Question

In: Nursing

1. What conditions need to be met to be mental health arrested?

Case Study #3: Schizophrenia

S: Marshall is a 22-year-old diagnosed with schizophrenia, paranoid type. He was just admitted today, his parents had him mental health arrested (MHA). He has been observed to be carrying on a conversation with someone, but then this morning there was a stand-off in the kitchen where Marshall was just yelling at his parents “Don’t come near me! – I will have to defend myself, I know how to defend myself!” He then grabbed a knife from the drawer, and his parents describe that he looked “psychotic” and not like their Marshall, they feared for his safety, but also their own safety.

B: College student, lives at home. Parents report that the first semester went well for Marshall with good grade and friends. This second semester he has withdrawn – he does not go out with friends or come out of his room often; his hygiene is poor and for the past two days he has refused to eat because he thinks his food has been contaminated.

A: VS taken on admission were stable, he is afebrile. He continues to refuse food.

R: His admission assessment needs to be completed. He needs a shower, fresh clothes. The psychiatrist recommended that he remain 1:1 for 24 hours at least, he also ordered medications.  

1. What conditions need to be met to be mental health arrested?

2. What is the priority nursing intervention for Marshall?

Narrative: The psychiatrist has diagnosed Marshall with paranoid schizophrenia

3. List the “negative symptoms” of schizophrenia that Marshall is/may be experiencing.

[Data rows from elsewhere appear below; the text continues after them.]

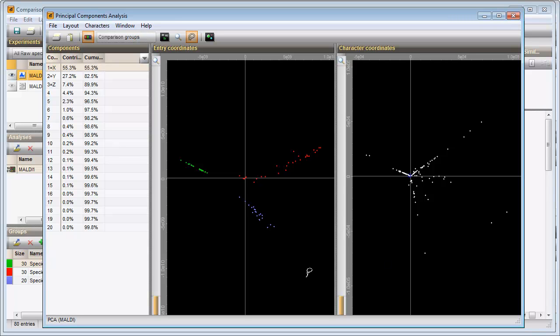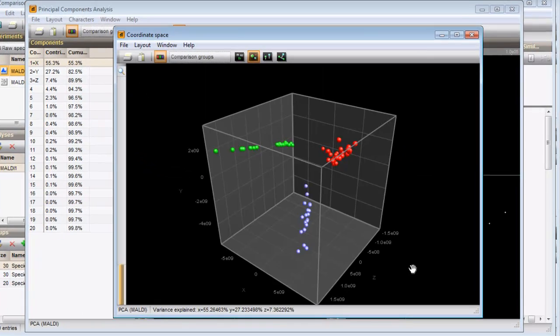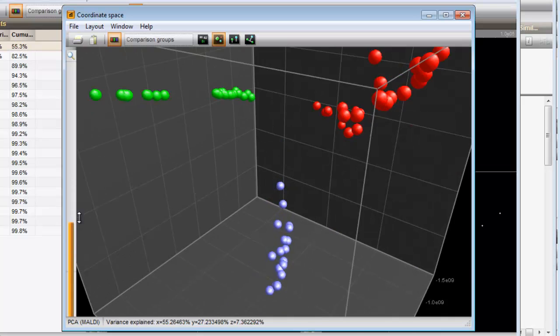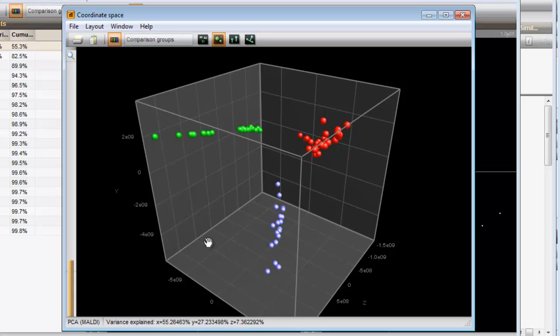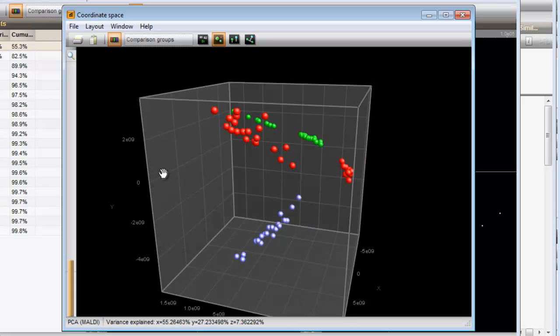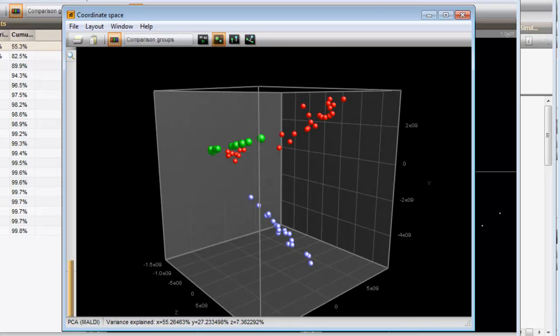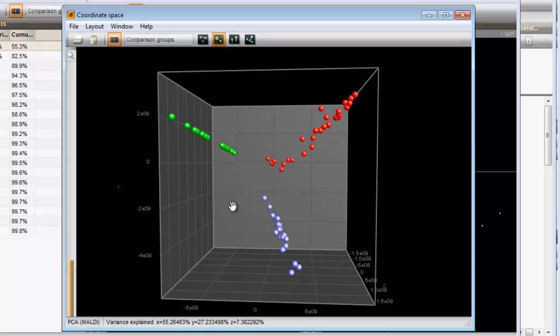To obtain a three-dimensional view of the PCA analysis, you can press this button. You can zoom in or out of the plot with the zoom sliders or with the Page Up or Page Down buttons. The image can be rotated by clicking and dragging. In the 3D view the same can be seen — the three species form distinct groups. This ends this video.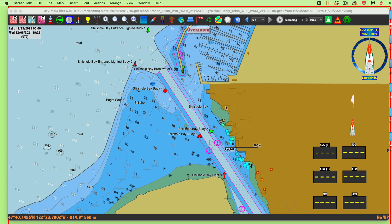Here we have a short note on loading one chart — a single chart only — into QTVLM. That's different than before: when you click these buttons up here you're loading the whole set of charts that you put in with the chart folder, which we've described elsewhere. Here we're loading one chart at a time.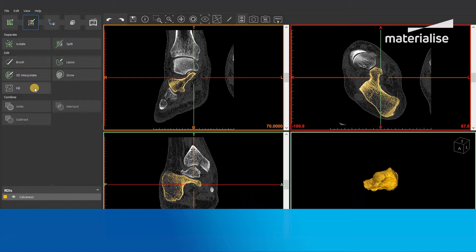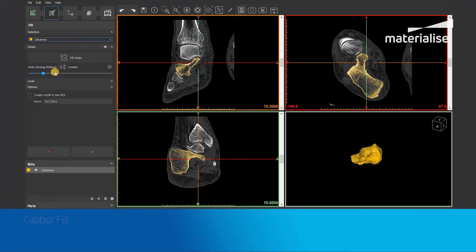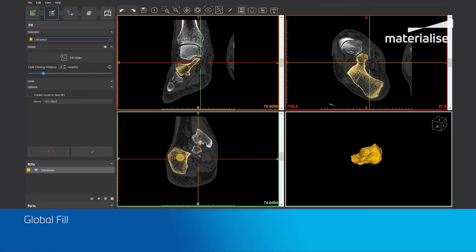Now let's try it out on the Calcaneus demo dataset of Mimics Inprint. Open the fill tool and select a region of interest that you want to fill up. If you have a region of interest with multiple islands, first split the region of interest to better fill up the separate regions. In this case I will select the Calcaneus region of interest. As you can see, it has a lot of holes and missing information.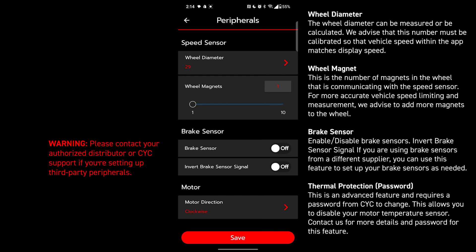Did you install brake sensors? If so, you turn them on here. If the signal seems backwards, like when you got your hand off the brake it's cutting the motor, do the inverted brake sensor signal. It will fix that.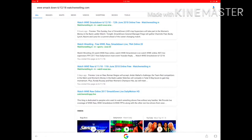Once you do that you get some different links. You can just click the top one that says 'Watch WWE Smackdown 6/12/18,' and then underneath that in the green it says 'watch wrestling dot in,' so you can just click that one.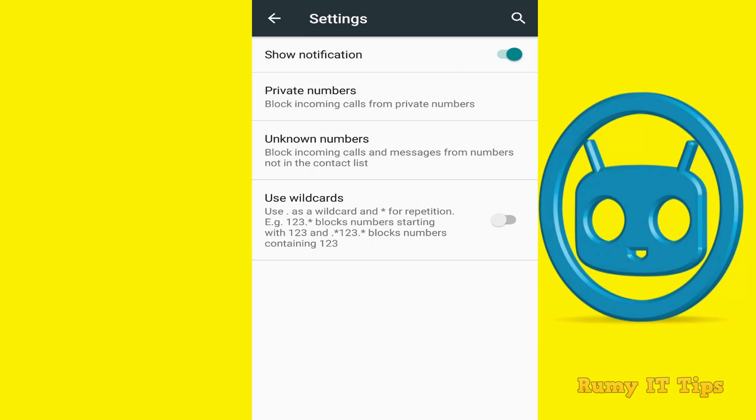You also have a feature to use wildcards. To enable wildcards, you need to save extensions in your contacts in the same way.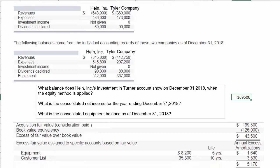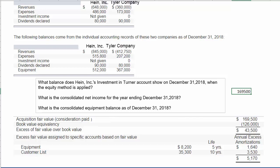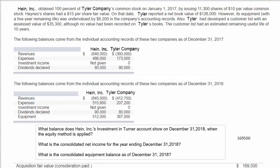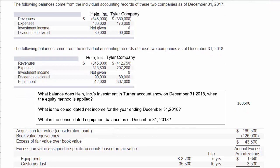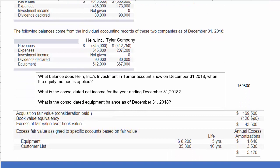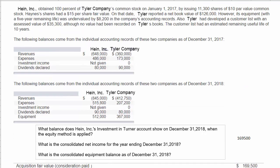The book value equivalency was $126,000, as given in the problem. The acquisition fair value — the consideration paid — over the book value results in an excess of fair value over book value of $43,500. We now need to allocate that excess to specifically identified assets. In our case, the equipment has a fair value in excess of book value of $8,200, as stated in the problem where equipment was undervalued by $8,200.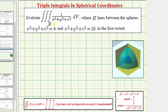We want to evaluate the triple integral over the region E, where E lies between the spheres given by x squared plus y squared plus z squared equals two and x squared plus y squared plus z squared equals 25, in the first octant.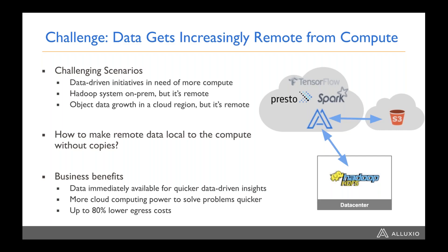If we have a solution for this, it provides a tremendous amount of business value — including making your data immediately available for much faster data insights. You can also enjoy the benefits of more elastic computation power in the cloud. For example, you can initialize a hundred different instances in AWS in a few minutes, without waiting for data to be available, and respond to markets much, much faster. And because you can make the data more local, you don't have to pay egress costs — we see this can cut 80% of egress costs if you have a solution like this.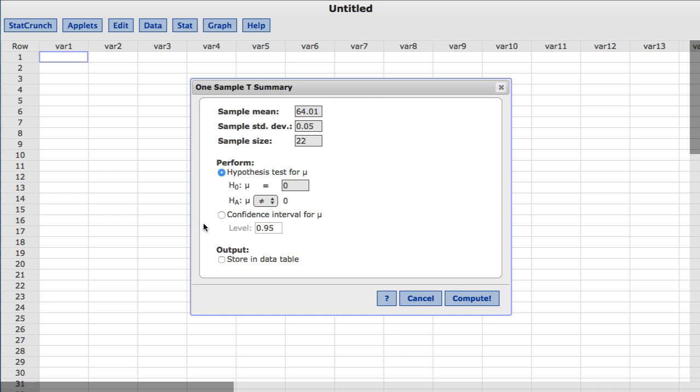Under Perform, choose Confidence Interval. By default, StatCrunch uses a value of 0.95 for Level which will produce a 95% confidence interval for the population mean. For this example, I'll leave it at 0.95 and click Compute.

4. List any “positive symptoms” of schizophrenia that Marshall is/may be experiencing.

5. What symptoms would indicate that Marshall has paranoid schizophrenia?


Solutions

Expert Solution

1)

  • If the person refuses to co operate with attending staff/ ambulance staff, then MHA warrants are issued. It ncludes taking alternative power by officers like arresting to prevent breach of place .
  • Provision of mental health act cannot be used in person who is at the risk of injury including overdose.
  • In urgent situations where health services and health care providers are at the site, and urgent assistance is required.

2)

  • Create a therapeutic nurse patient relationship - mutual learning and corrective emotional experience for the patient.
  • Show trust, empathy, Respect and authenticity.
  • Listen to them and seek clarity.
  • Encourage self disclosure and increase self worth of patient.

3)

  • Marked apathy
  • Paucity of speech
  • Blunting of emotional response
  • Avoiltion- reduction in interests, desires and goals
  • Asociality- lack of involvement in social activities.

4)

  • Delusions
  • Hallucinations

5)

  • Delusion seems real
  • Feeling like parents are trying to kill marshel
  • Thinking strangers are going to hurt, staying inside home alone.